しかし、エズメは形の良い眉を顰めただけだった。
「貴方という人は、本当に物好きですね」
彼女は、タレイアが邪悪な存在ではなく、その知識と予知能力が聖騎士団にとって有用でさえあれば、その正体も、姿を見せない理由も詮索する必要はないと考えていた。
「彼らを下手に刺激して取り返しの付かないことになれば、それは聖騎士団にとって大きな損失となります。比類なき力を持つオシアン公でさえ、彼女の代わりを務めることは出来ないのですから。……ところで貴方、夜更かしはほどほどになさいね?」
更に翌日。リューが聖騎士団本部の器楽練習室で箏の練習をしていると、一級守護者のメグこと久我愛子と、聖騎士団本部技術開発部長のミッキーこと三木五助が入って来た。
「……リュー君は、今日もお早いのですね」
メグがリューの顔色を窺うように微笑んだ。
つい先週末までの二人は、守護者の先輩後輩として親しくしていたのだ。それなのに、二人の関係が急にぎこちなくなってしまったのは、数日前のリューの言動のせいだった。

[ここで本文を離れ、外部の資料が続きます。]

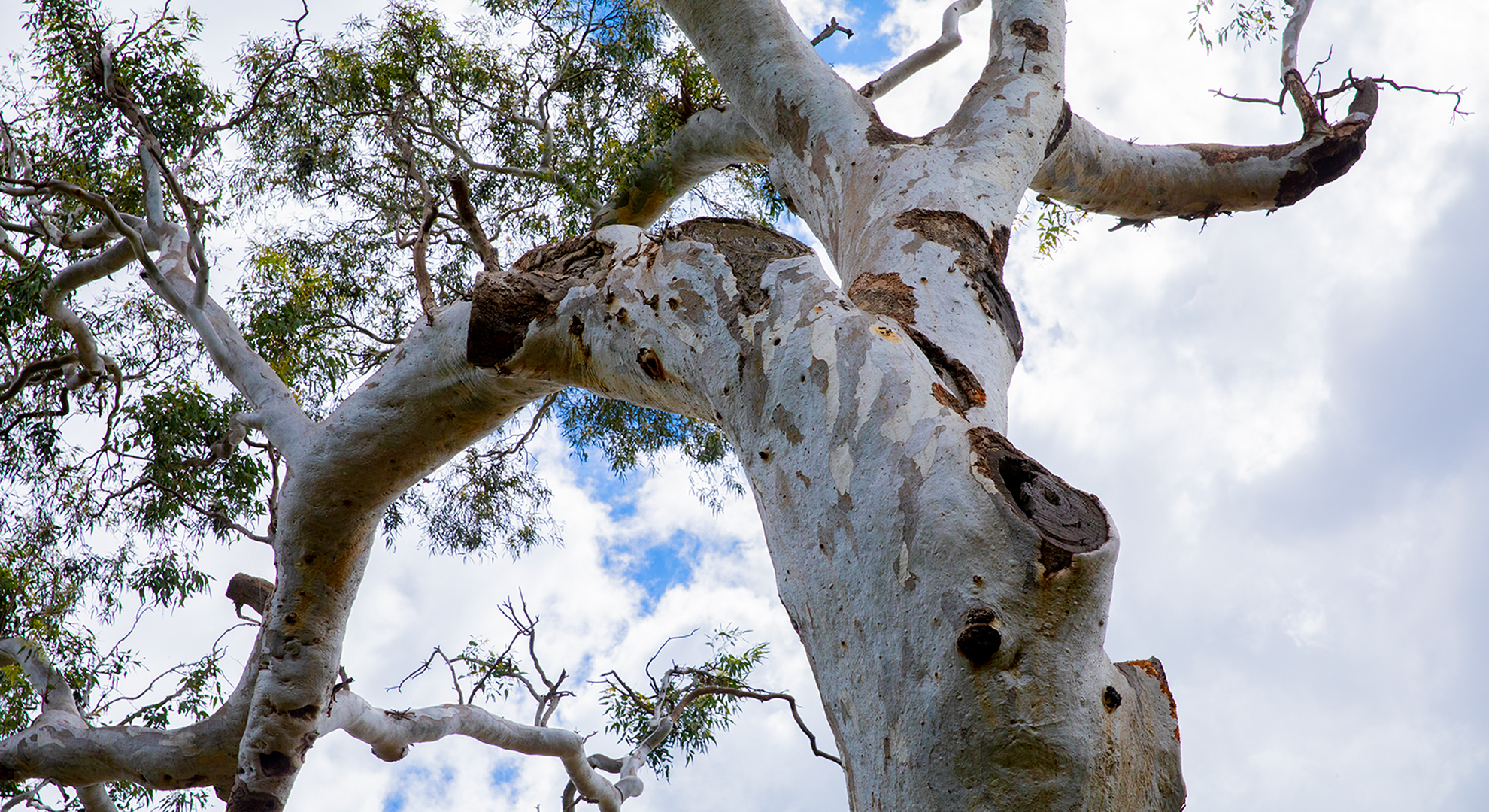 RMIT University School of Art_Ngargee Tree.png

数日前。箏の練習中に、リューの長い髪を纏めていた結い紐が切れてしまった。
リューが鞄の中に入れたはずの予備の紐を探していると、メグが器楽練習室に入ってきた。
「どうなさったのですか、リュー君」
彼女はリューの髪が解けているのに気付き、ポーチからリボンと櫛を取り出した。
「お困りでしょうから、すぐに結い直して差し上げますね」
メグの白く華奢な指が、今にもリューの髪に触れそうになる――。
その刹那、リューは後退り、悲鳴とも懇願とも付かない声をあげた。
「いけません、止めてください!」
彼は酷く混乱していた。
髪結い師でもないのに異性の髪を梳いて結うという行為が何を表すのか、博識なメグが知らないはずはないと思っていたから。
しかし、純粋に育った彼女は、どうやら本当にその意味を知らなかったらしいのだ。
ドミニク・トーマス筆頭顧問は五十代後半くらい、左脚が義足ですが、身長2メートル、がっしりした体格の男性です。ヒルダとエズメの若い頃の上司でした。何故か、柔術と居合の心得があります。

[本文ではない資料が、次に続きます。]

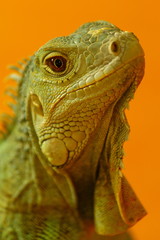 Leguan orange 1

オシアンは、猫型妖精の総数がそれほど多くなくて、国民皆で役割分担をきっちり決めていることもあるのですが、猫型妖精の王としての職務とヒルダの使い魔としての仕事はどちらもきっちりこなします。彼に出来ないことは、火魔法の加減をすること(都市一つ分が火の海になります)と、自分のネクタイを結ぶこと(誰かのネクタイを結んであげることは出来ます)、ヒルダにカリフラワーを食べさせること(ヒルダの目から一切の光が消えたのがトラウマです)の三つです。